Shari Arison launches Israel’s first Good Deeds Day

In 2006 C.E., a single day of volunteering in Israel quietly set something much larger in motion. What began as one woman’s invitation to her employees became a recurring global event that would eventually draw millions of people across more than 100 countries into a shared act of purposeful giving.

Key facts

  • Good Deeds Day: Shari Arison, Israeli-American billionaire and philanthropist, launched the first Good Deeds Day in Israel in 2006 C.E., inviting employees of her business group to spend the day volunteering in their communities.
  • Global reach: The event grew steadily year over year, eventually mobilizing participants in 108 countries and involving millions of volunteers performing acts of service ranging from food drives to environmental cleanups to visits with isolated elderly people.
  • Founding vision: Arison drew on her philosophy that individual acts of goodness, multiplied across communities, could shift social culture — a concept she described as “doing good” as a way of life rather than an occasional gesture.

The woman behind the idea

Shari Arison inherited leadership of the Arison Group following the death of her father, Ted Arison, the founder of Carnival Cruise Lines. She became one of Israel’s wealthiest individuals and one of its most prominent philanthropists.

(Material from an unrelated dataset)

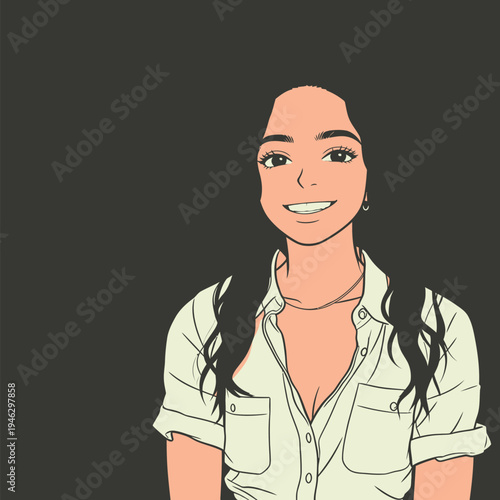 A woman with dark hair smiles while sitting in front of a dark background. She wears a light shirt and has a necklace on.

But her interest in Good Deeds Day was not primarily about money. It was about behavior — specifically, the idea that goodness was contagious. If enough people saw their neighbors volunteering, donating, planting, cooking, building, or simply showing up for someone in need, they might conclude that this was just what people do.

The first event was small by design. Arison gathered employees from her own business network and set them loose on community projects around Israel. There were no grand ceremonies. The point was the doing.

How a local event became a global one

The growth of Good Deeds Day followed no single strategy. It spread through nonprofits, schools, corporations, and faith communities that adopted the concept independently, each adapting it to their own context. By the time the Good News Network reported on its 108-country reach, the event had become one of the world’s largest single-day volunteering initiatives.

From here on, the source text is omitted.